Would anyone have any relevant information on the place / area known as Jordans Grave in the Oscott region please?

I already have the widely available blurb on the site - i.e. stuff that can be found on the net, plus a few general odds and sots from the local archives, etc - but is there any other data on the place to be found anywhere.

I've had the site in my peripheral vision for quite some time now and wonder whether it is the actual name of a grave site (as widely indicated on many of the maps I've seen), or a more general reference to a wider ranging area(?) I wonder if there are any descriptions of the grave itself anywhere?

Any information would be greatly appreciated.

All the best for 2010 to all!!

Nick
 

Kevkonk

master brummie
I wonder if Maryvale College, New Oscott College, would have knowledge of this as they have had a long long history in this area and as a College may have accurate records.
 

Kevkonk

master brummie
Found this reference

Thomas Walsh (1818-1826) became Vicar Apostolic of the Midland District, and Henry Weedall became president (1825-40). Under the direction of the pious and courteous Weedall, the man who more than any other created the spirit of Oscott, the institution progressed till the buildings were no longer able to accommodate the number of pupils. Plans of a new college, on the lines of Wadham College, Oxford, were prepared by Joseph Potter, the cathedral architect of Lichfield. A rich and providential bequest, together with the gifts of the clergy and faithful, supplied the means; and in less than three years a stately Gothic pile arose on an eminence two miles from the old college. The new edifice is situated at the extreme north of Warwickshire, some six miles from the center of Birmingham, and was built on a piece of ground overgrown with heather and gorse at the edge of the Sutton Coldfield common. The name of Oscott has been transferred to the new site, previously associated with the name of Jordan's Grave.

https://oce.catholic.com/index.php?title=Oscott
 

Kevkonk

master brummie
Jordans Grave


B73 - Grid reference SP098943




First record 1656


At the junction of the Chester Road and College Road at New Oscott, this is a name of unknown origin. This was an area notorious at the time for highway robberies. It possibly recalls the hanging of a highwayman here. The name appears on a map in William Dugdale's Antiquities of Warwickshire which was published in 1656.

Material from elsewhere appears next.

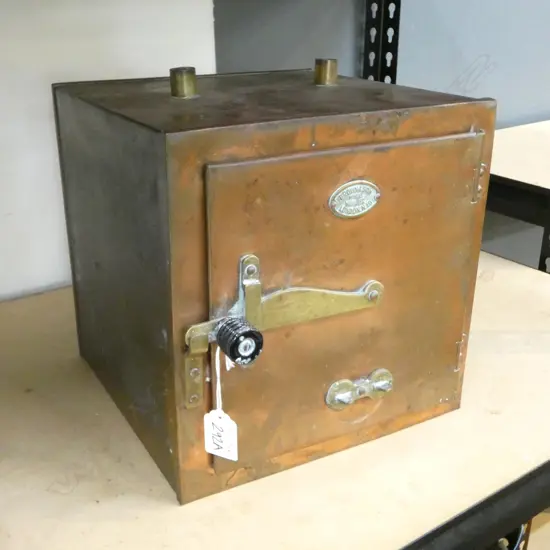 ANTIQUE COPPER MEDICAL AUTOCLAVE for sterilising; BROWN & SON MAKERS WEDMORE St. LONDON 260x290x260mm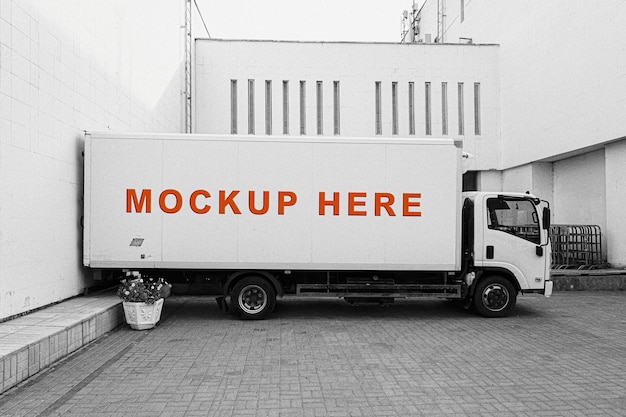 Witte levering vrachtwagen mockup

I guess you already have these bits of information from the net. I notice this area is very close to the Gibbet that used to be on the Fosseway.
 

Nicholas

master brummie
Hi KevKonk,

Aye - thanks, but I think I've exhausted the net re. references on this subject, to be honest. Laugh!

I have contacted the College itself over this matter and they deny any knowledge on the subject.

Al the best,

Nick
 

G G Jean

Brummy Wench.
Nicholas there are so many Oscotts in the area. New Oscott Old Oscott Oscott Central etc. We are in the Oscott Ward and have never hear of Jordons grave and tte brother in law lives by the college and has not heard of it either. I wish you luck and hope you eventually find it. Jean.
 

Nicholas

master brummie
Nicholas there are so many Oscotts in the area. New Oscott Old Oscott Oscott Central etc. We are in the Oscott Ward and have never hear of Jordons grave and tte brother in law lives by the college and has not heard of it either. I wish you luck and hope you eventually find it. Jean.

Hi Jean,

I do know where the area known as Jordans Grave actually is..... Oscott College is built on the site. The area stands at the very corner of Chester and College Road. The site is quite well known, historically speaking, and it is logged on a number of old maps of the area concerned.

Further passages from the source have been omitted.